Meaning of BELT HORSEPOWER?

Recently I have been looking at some of the statistics for the old Ford Tractors. I can understand the meaning of horsepower and PTO HP, but don't know the meaning of belt or pulley horse power. (they always seem to be lower than the PTO HP) When I was about 5, my grandfather took me to a hay field where bailing was taking place with a Farmall M and a IH Type 15 hay press. This setup had a power take off (drum) on the side of the tractor and a large fly wheel on the bailer with a leather belt running between the two. I am guessing that this is not the type of belt HP they are talking about. Any explanation or help with its meaning or application would be appreciated.
 
Contrariwise, that's exactly the type of power they are talking about - so you can justify that shiny new tractor to the wife by saying "but dear, it will also replace the 15 horse stationary engine we've been using to..."
 
The Ford tractors after 1939 (9N and up) all had a PTO shaft out the back, but they also had an optional pulley drive gearbox that was driven by the PTO and provided a pulley for a wide flat belt to drive belt driven implements or whatever you already had on your farm that used a belt drive. John Smith has a picture of one about two thirds of the way down his accessories page [u:ef3b31b387]Here[/u:ef3b31b387]. The gear boxes lost a little of the PTO power to heat and inefficiencies of the gears, so the belt hp was always tested/rated separately from the PTO hp.
 
Before we heard of the Ferguson tractors in New Zealand all tractors I knew of had the belt pulley mounted on the RH side of the tractor just behind the clutch and were rated a little higher than the PTO figure because it was a simple bevel drive off the front of the transmission with less power loss than the PTO drive train gears. We used a MM RTU to drive a large hay baler with the belt pulley. The Ferguson system lost even more power in the belt pulley because of the extra right angle drive gearbox on the PTO to drive it.
 
Belt horsepower is pretty much the engine horse power available. The belt, or PTO out the rear, is where this would be tested from.
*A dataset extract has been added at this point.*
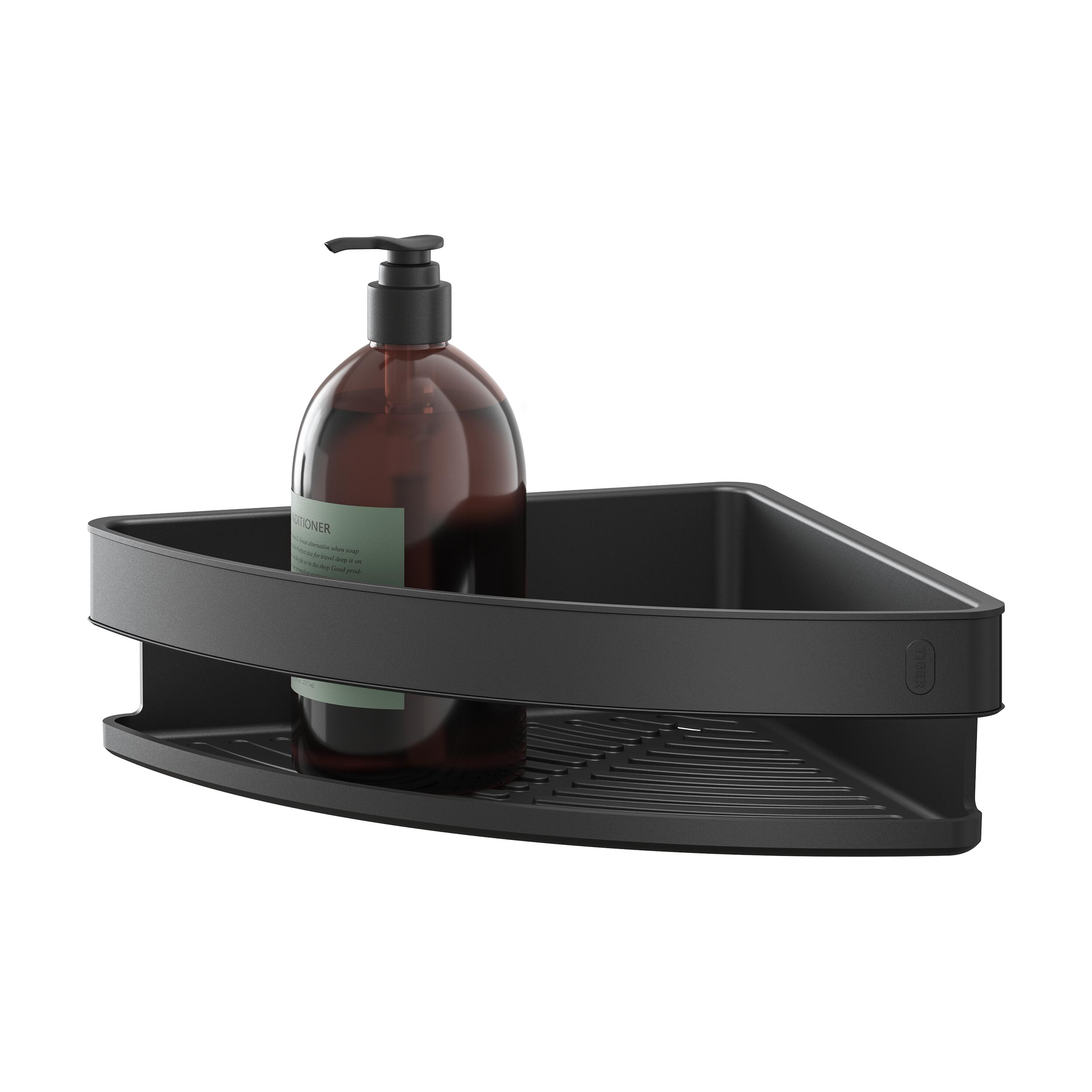 Tiger Carv panier de salle de bain noir 800251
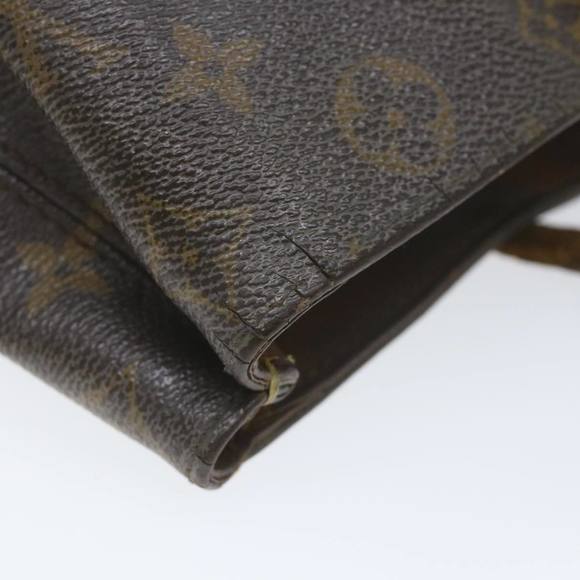 LOUIS VUITTON Monogram Wilshire PM Hand Bag M40595 LV Auth 58292 - Picture 7 of 16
The other measurment of a tractor is drawbar horsepower. This involves the maximum ability to pull a dead weight. The test peaks when the wheels spin without the tractor moving forward, or the engine stalls. It is always less than the engine horsepower.

Tractors up till the 1930's used to be rated for both, thus you'd see tractors listed as a 10-20, 20-35, with the first number being dawbar, the second, belt.